ECLI:NL:CRVB:2019:2746
Centrale Raad van Beroep
- Hoger beroep
- A. Stehouwer
- M. Hillen
- A.M. Overbeeke
- Rechtspraak.nl
Intrekken en terugvorderen van bijstand wegens niet-gemelde kasstortingen en onvoldoende inzicht in herkomst stortingen
In deze zaak gaat het om het hoger beroep van appellanten tegen de uitspraak van de rechtbank Limburg, waarin de opschorting en intrekking van hun bijstandsuitkering door het college van burgemeester en wethouders van Heerlen aan de orde is. De opschorting vond plaats op 6 juni 2016, omdat appellanten niet volledig de gevraagde gegevens hadden overgelegd. Ondanks een verzoek om aanvullende informatie, hebben appellanten op 6 juni 2016 slechts enkele stukken overgelegd, waaruit bleek dat er in de maanden februari tot en met april 2016 aanzienlijke bedragen op hun bankrekeningen waren gestort. Het college heeft vervolgens besloten de bijstand te beëindigen met ingang van 6 juni 2016 en in te trekken vanaf 1 februari 2016, omdat appellanten geen duidelijkheid hebben gegeven over de herkomst van deze stortingen.

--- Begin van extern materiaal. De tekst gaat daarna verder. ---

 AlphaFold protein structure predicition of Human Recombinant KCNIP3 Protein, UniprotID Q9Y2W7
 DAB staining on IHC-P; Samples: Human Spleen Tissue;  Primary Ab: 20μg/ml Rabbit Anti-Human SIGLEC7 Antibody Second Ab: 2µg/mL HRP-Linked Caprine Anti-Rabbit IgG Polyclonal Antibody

De rechtbank heeft in haar uitspraak geoordeeld dat het college terecht heeft vastgesteld dat appellanten hun inlichtingenverplichting hebben geschonden. De rechtbank concludeerde dat appellanten niet alle gevraagde gegevens hebben overgelegd, wat leidde tot de conclusie dat het recht op bijstand niet kon worden vastgesteld. De gronden die appellanten in hoger beroep aanvoeren, zijn grotendeels gelijk aan die in beroep, maar de Raad voegt hieraan toe dat de verklaring van de schoonzus van appellanten niet voldoende duidelijkheid biedt over de herkomst van de gestorte bedragen. De Raad bevestigt de uitspraak van de rechtbank en oordeelt dat er geen aanleiding is voor een proceskostenveroordeling.
Deze beslissing is openbaar uitgesproken en is gebaseerd op de overwegingen die in het proces-verbaal zijn vastgelegd.